I didn’t know that one could put 99 candles (and light them!) on a simple 13″ x 9″ cake. It *can* be done, in case you are wondering. Just plan it: 9 ranks by 11 files. Begin lighting the center candles, work your way outward. Get two or three people to help. Use a candle to light the candles, not a lighter.

Math, Language, Art, and lots of Science

Thursday, February 28th, 2008

At the Greenleaf School

Ty is just about to finish his first mathematics workbook, which introduces one-to-one correspondence, addition, and subtraction. We began with a workbook from a different publishing company which was way too involved. Ty needed my help every minute. So now that we are almost finished with this simpler workbook, we’ll try the complicated one. See if that one works.

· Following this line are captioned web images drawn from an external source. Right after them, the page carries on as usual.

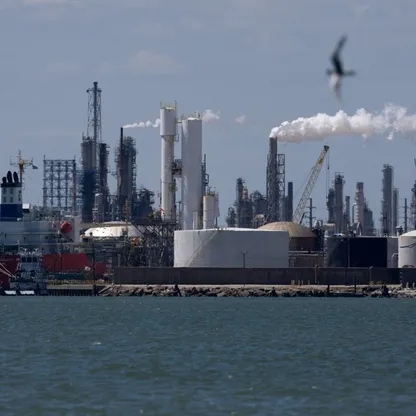 ارتفاع قياسي لصادرات النفط الأميركية مع تفاقم أزمة الطاقة عالمياً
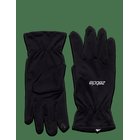 ZEBDIA Mens Sports Gloves - BLACK - M-L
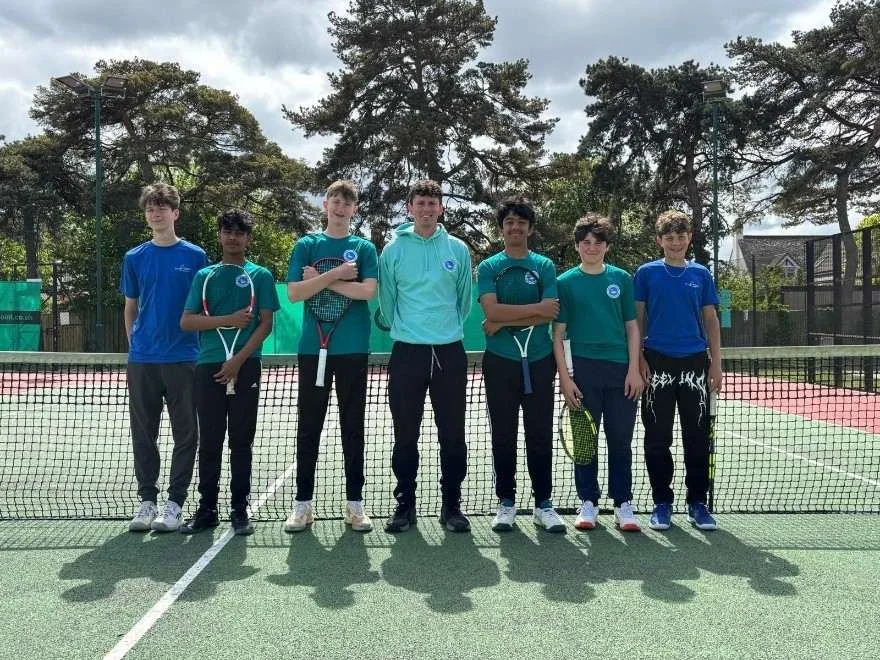 Under 14 Boys County Cup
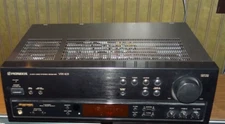 Pioneer VSX-405 Receiver HiFi Stereo 5.1 Channel Home Audio Phono Japan Vintage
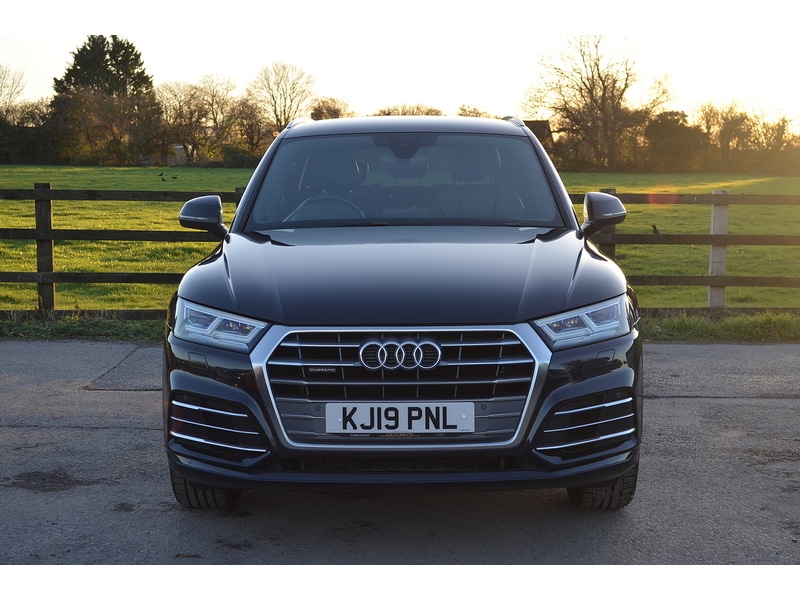 Used Audi Q5 2019 for sale - 76643017: Photo 4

Kyle has started a preschool workbook that Ty used. I’m not a fan of teaching preschoolers to hold and use a pencil, so he does a lot of pointing and explaining: More and less (and sometimes fewer), big medium small, counting, recognizing capital and lower case letters.

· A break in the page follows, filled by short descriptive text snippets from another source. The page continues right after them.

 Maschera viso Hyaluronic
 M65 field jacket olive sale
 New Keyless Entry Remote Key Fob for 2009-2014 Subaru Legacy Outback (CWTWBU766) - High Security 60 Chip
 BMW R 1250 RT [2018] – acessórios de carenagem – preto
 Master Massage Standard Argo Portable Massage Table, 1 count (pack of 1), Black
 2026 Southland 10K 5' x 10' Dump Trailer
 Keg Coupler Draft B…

Taylor colors. We have two coloring books with pages of large, solitary objects, and few lines. I put a page down in front of her, and she shreaks in glee of seeing a sheep. Then she proceeds to experiment with colors, asking which color she is holding, and using every crayon in the Zip-loc bag to draw rain on the poor, sleeping sheep. Meanwhile, she tears off the paper that covers each crayon. How else is she supposed to learn what a crayon feels like?

Ty asked a question that I didn’t know how to answer: “How does the crayon put the color on the paper?” If he asked that about a ball point pen, I could have helped him out. So instead of making something up, like, “It’s magic,” which would have been so much easier, I responded stupidly with, “The same way a pencil writes on paper.” He looked at me. “Mommy, you don’t know.”

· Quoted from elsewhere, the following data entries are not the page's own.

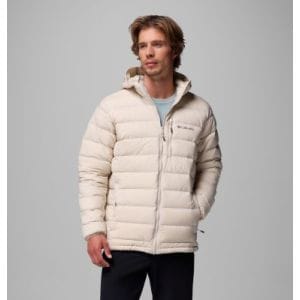 Columbia - Drift Peak™ Stretch Down Hooded Jacket-S-278-2133972-F25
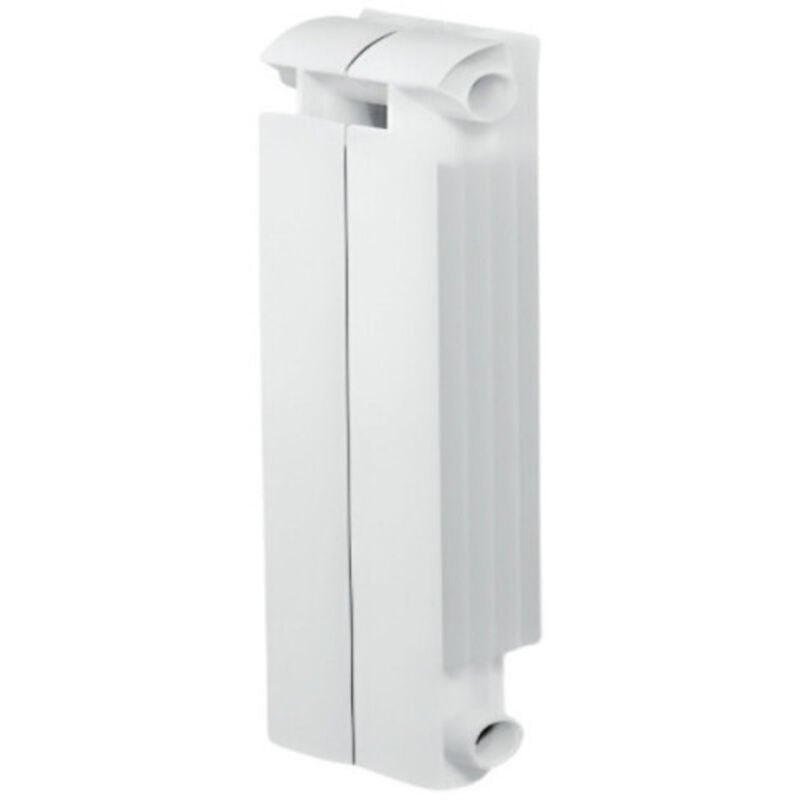 Global - Chauffage central fonte aluminium 2 éléments blanc klass 600, 264w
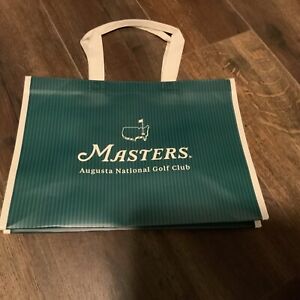 2024 Masters Reusable Tote. Exclusive To Berckmans Place.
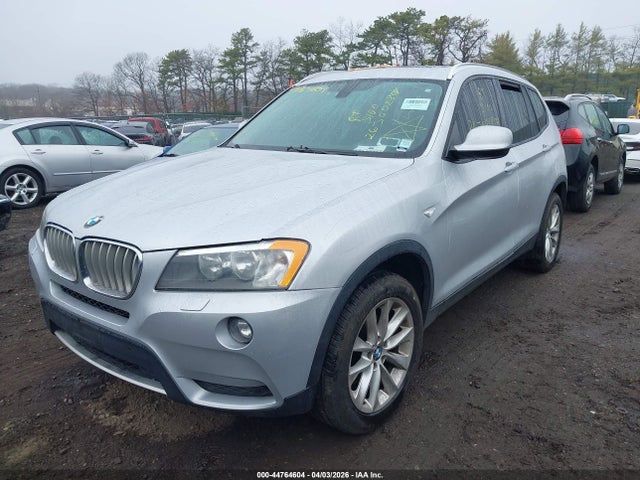 Aukcja sprzedaży 2014 Bmw X3 Xdrive28i, vin: 5UXWX9C52E0D33312, numer aukcji: 44764604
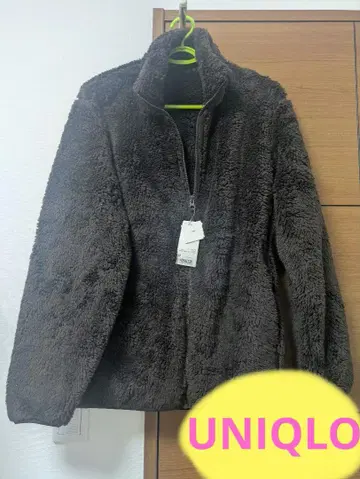 UNIQLO 택 포함 아우터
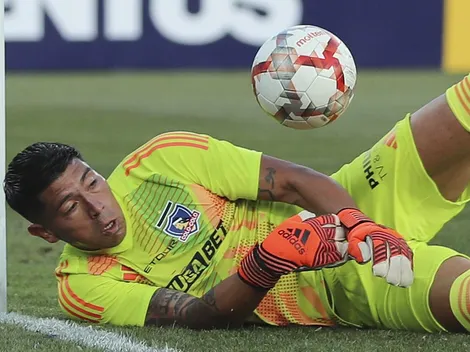 La importante decisión de Colo Colo con Cortés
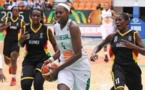 Afrobasket :Sénégal-Guinée 105-39 : La balade de la bande à Aya Traoré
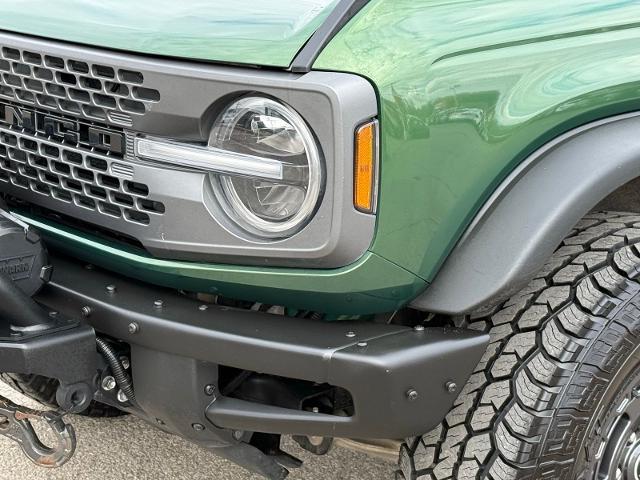 2023 Ford Bronco Everglades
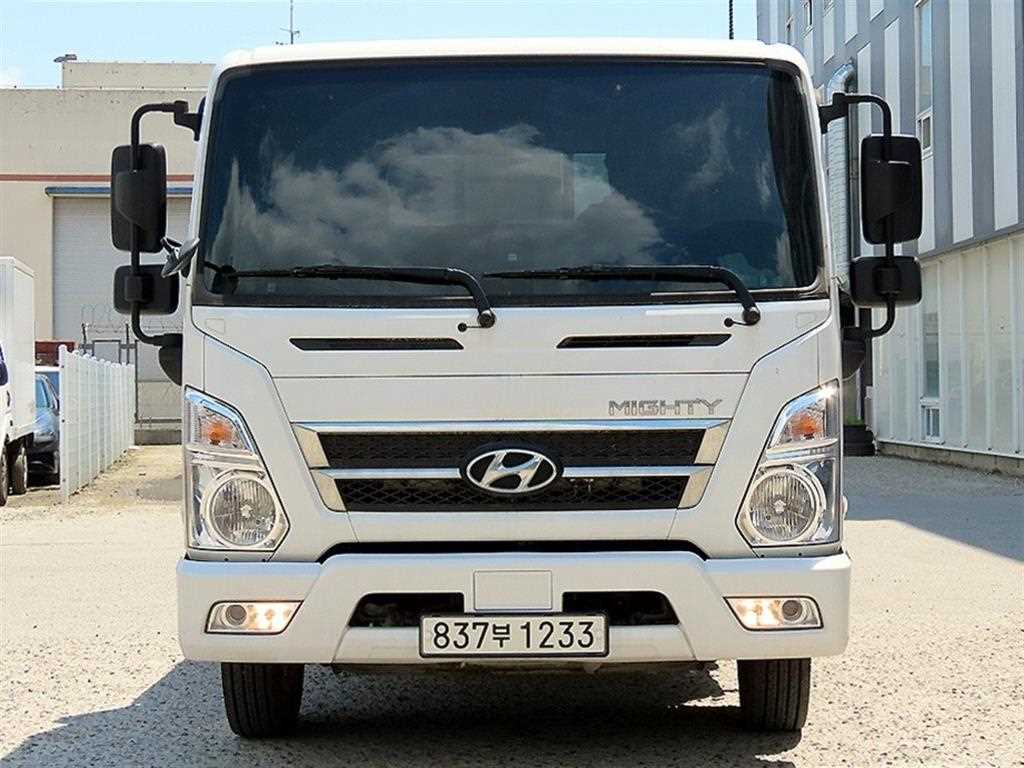 medium and large cargo Cargo 2024 Blanco - Importación desde Corea - HF Imports Iquique - Foto 1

You’re right, I don’t know. It just happens. The same way birds fly and bees make honey.

Speaking of Birds and Bees
I was flipping through A Child is Born when the Ty the Inquirer asked what all those pictures were. There comes a time in every parent’s battle for their child’s innocence to decide where their loyalties lie. Is it the Stork who brings the babies? Or do babies grow in Mommies? Well, our loyalties lie in empirical evidence. Never has a stork brought me a baby.

So I was honest with Ty. I pointed out the yolk sac of a tiny embryo. I explained how the baby got the nutrients he needed. He asked how the baby is supposed to come out… Through the birth canal, of course. I told him that I had a baby. “Can I feel it?” I put his hand low on my abdomen, and he was satisfied to feel something hard and sort of round.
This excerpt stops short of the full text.